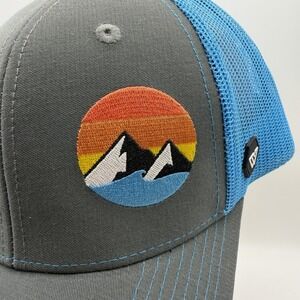 WUE Simple Outdoor Trucker Hat Adjustable Snapback Adult Unisex Mountain Blue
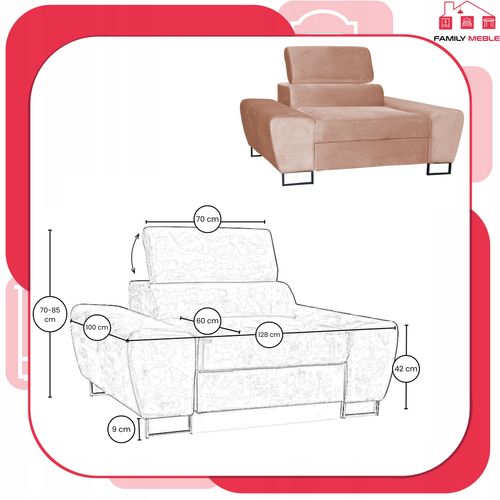 Zestaw mebli wypoczynkowych salonu Bosso Sofa 2os fotele beż Family Meble na Arena.pl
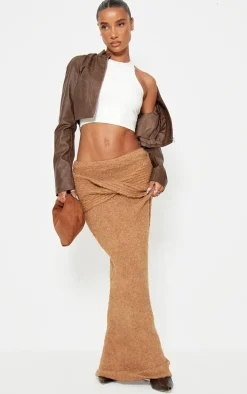 Mocha Soft Bobble Knit Foldover Maxi Skirt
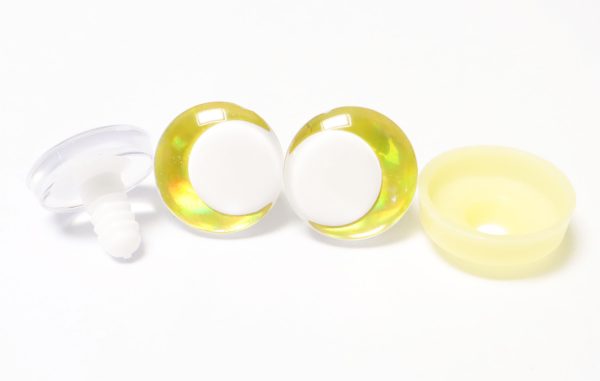 D12-Gold disc 3D offcentre eyes white pupil clear toy eyes with sinker washer  14mm-35mm option  for craft doll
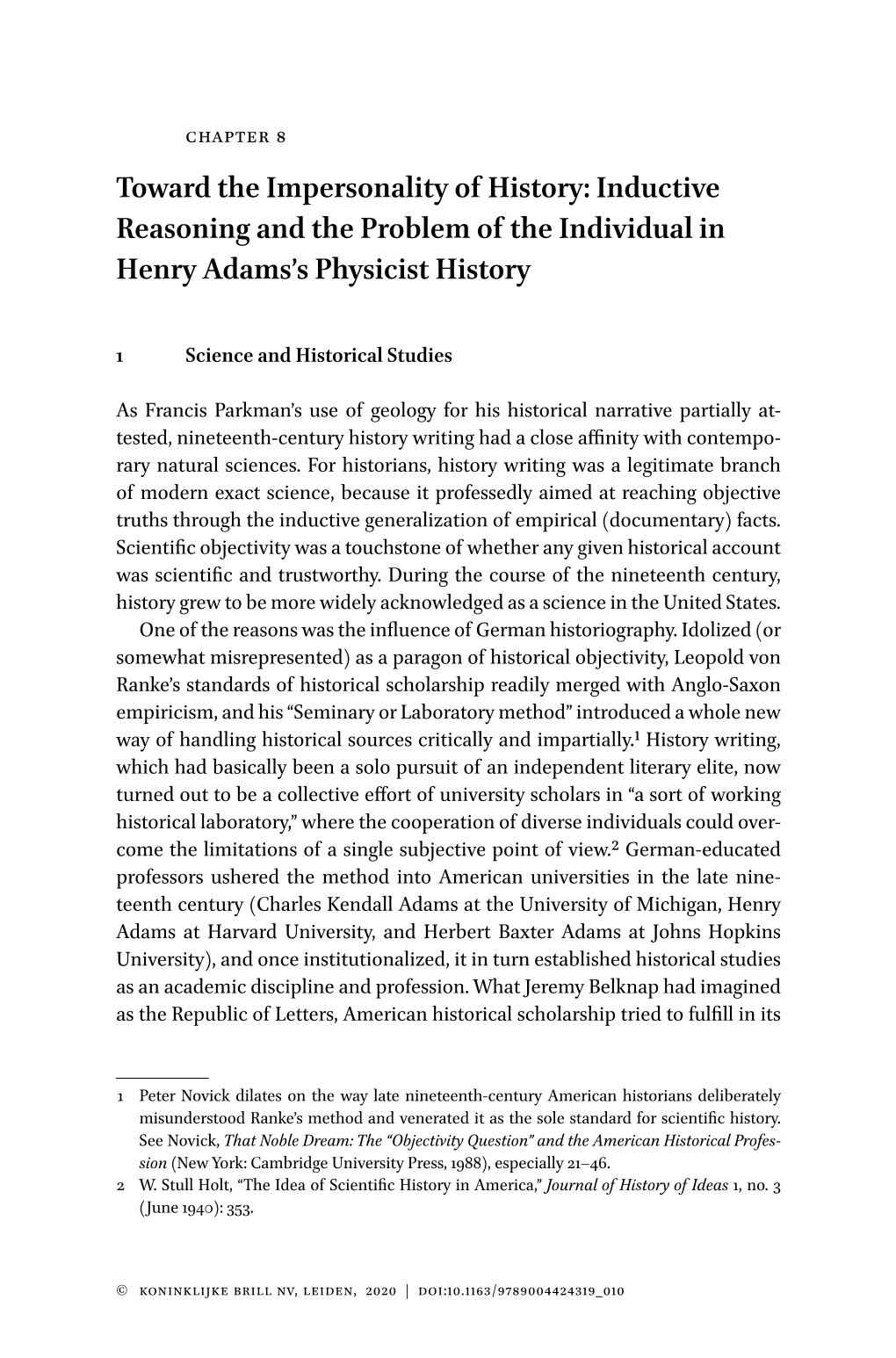 Inductive Reasoning and the Problem of the Individual in Henry Adams's Physicist History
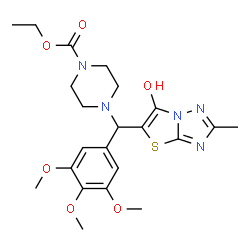 ChemSpider 2D Image | Ethyl 4-[(6-hydroxy-2-methyl[1,3]thiazolo[3,2-b][1,2,4]triazol-5-yl)(3,4,5-trimethoxyphenyl)methyl]-1-piperazinecarboxylate | C22H29N5O6S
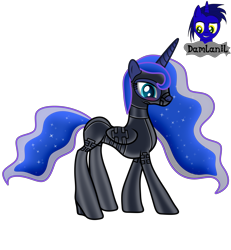 Size: 3840x4154 | Tagged: safe, alternate version, artist:damlanil, princess luna, alicorn, pony, g4, bdsm, blushing, bondage, bondage mask, boots, bound wings, catsuit, clothes, collar, corset, ethereal mane, female, gag, galaxy mane, gimp suit, happy, high heels, hood, horn, latex, latex boots, latex suit, looking at you, mare, muzzle gag, rubber, rubber suit, shiny, shiny mane, shoes, show accurate, simple background, socks, solo, thigh highs, transparent background, vector, wings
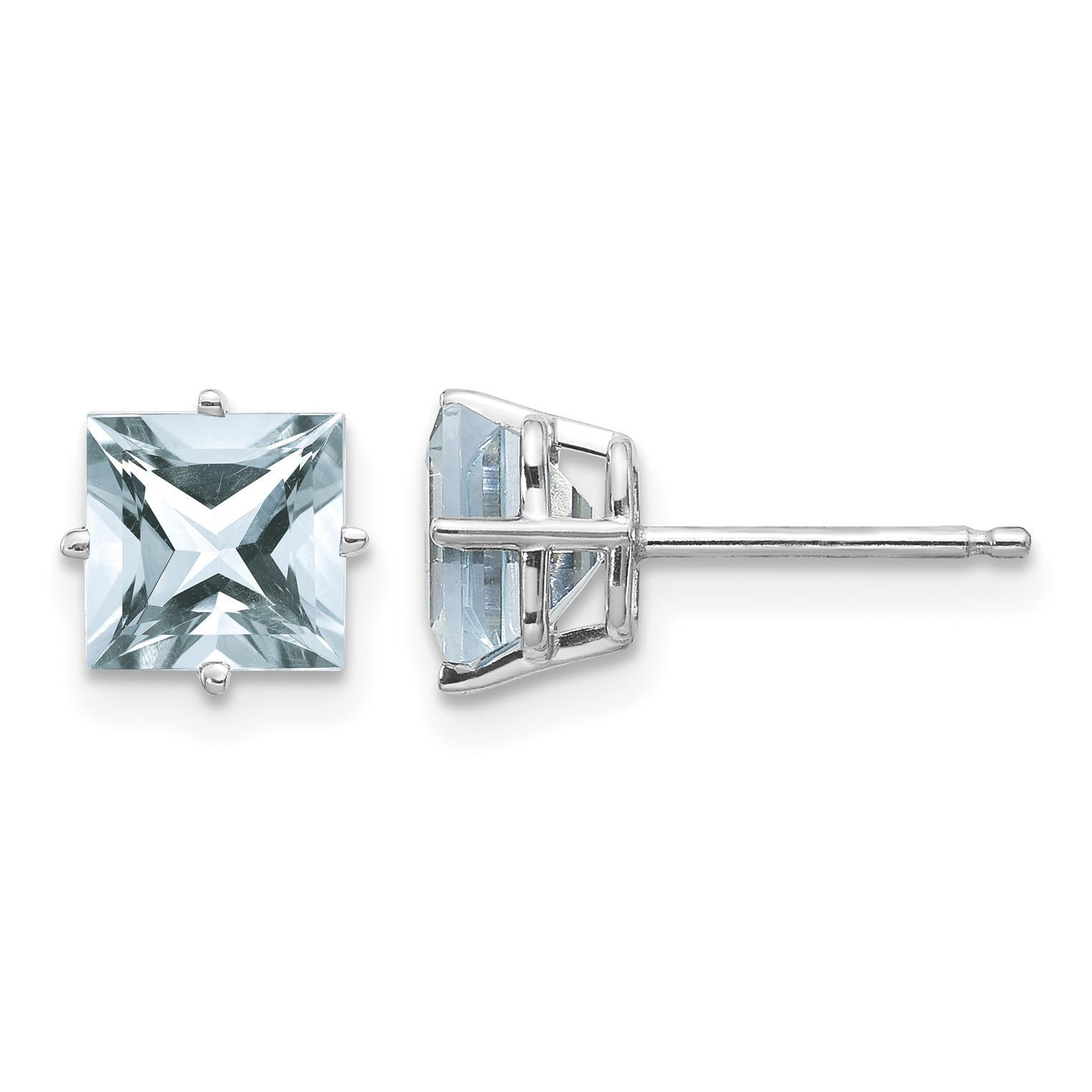 14k White Gold Aquamarine Earrings (XE62WAQ-B)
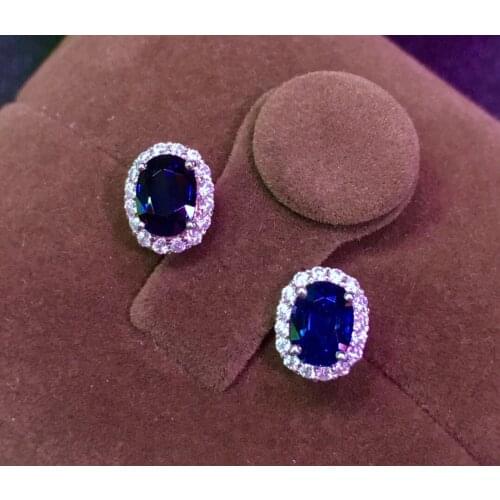 E417 Sapphire Earrings Stud 18 K Gold Jewelry 100% Natural 1.9ct Royal Blue Sapphire Gemstones Stud Earrings for Women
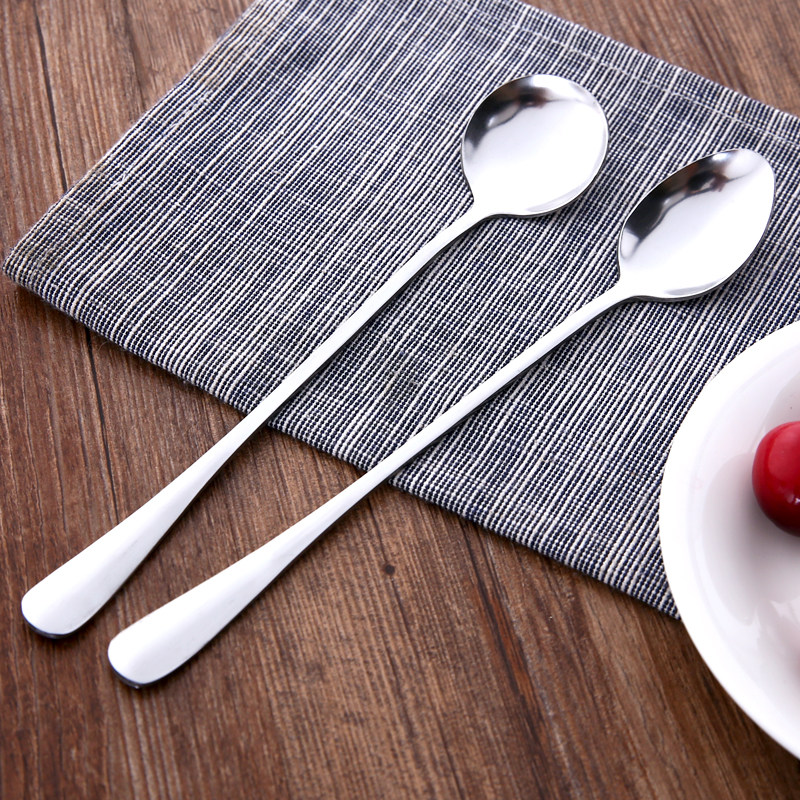 不锈钢咖啡勺子创意长柄搅拌勺韩国咖啡匙可爱甜品调料奶茶小调羹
===============
_Required action_: Please give back exactly the lines from the first line of the records above through the line containing "ChemSpider 2D Image", only those and both included, with the pictures removed.

_Answer to the problem_:
 WUE Simple Outdoor Trucker Hat Adjustable Snapback Adult Unisex Mountain Blue
 Zestaw mebli wypoczynkowych salonu Bosso Sofa 2os fotele beż Family Meble na Arena.pl
 Mocha Soft Bobble Knit Foldover Maxi Skirt
 D12-Gold disc 3D offcentre eyes white pupil clear toy eyes with sinker washer  14mm-35mm option  for craft doll
 Inductive Reasoning and the Problem of the Individual in Henry Adams's Physicist History
 ChemSpider 2D Image | Ethyl 4-[(6-hydroxy-2-methyl[1,3]thiazolo[3,2-b][1,2,4]triazol-5-yl)(3,4,5-trimethoxyphenyl)methyl]-1-piperazinecarboxylate | C22H29N5O6S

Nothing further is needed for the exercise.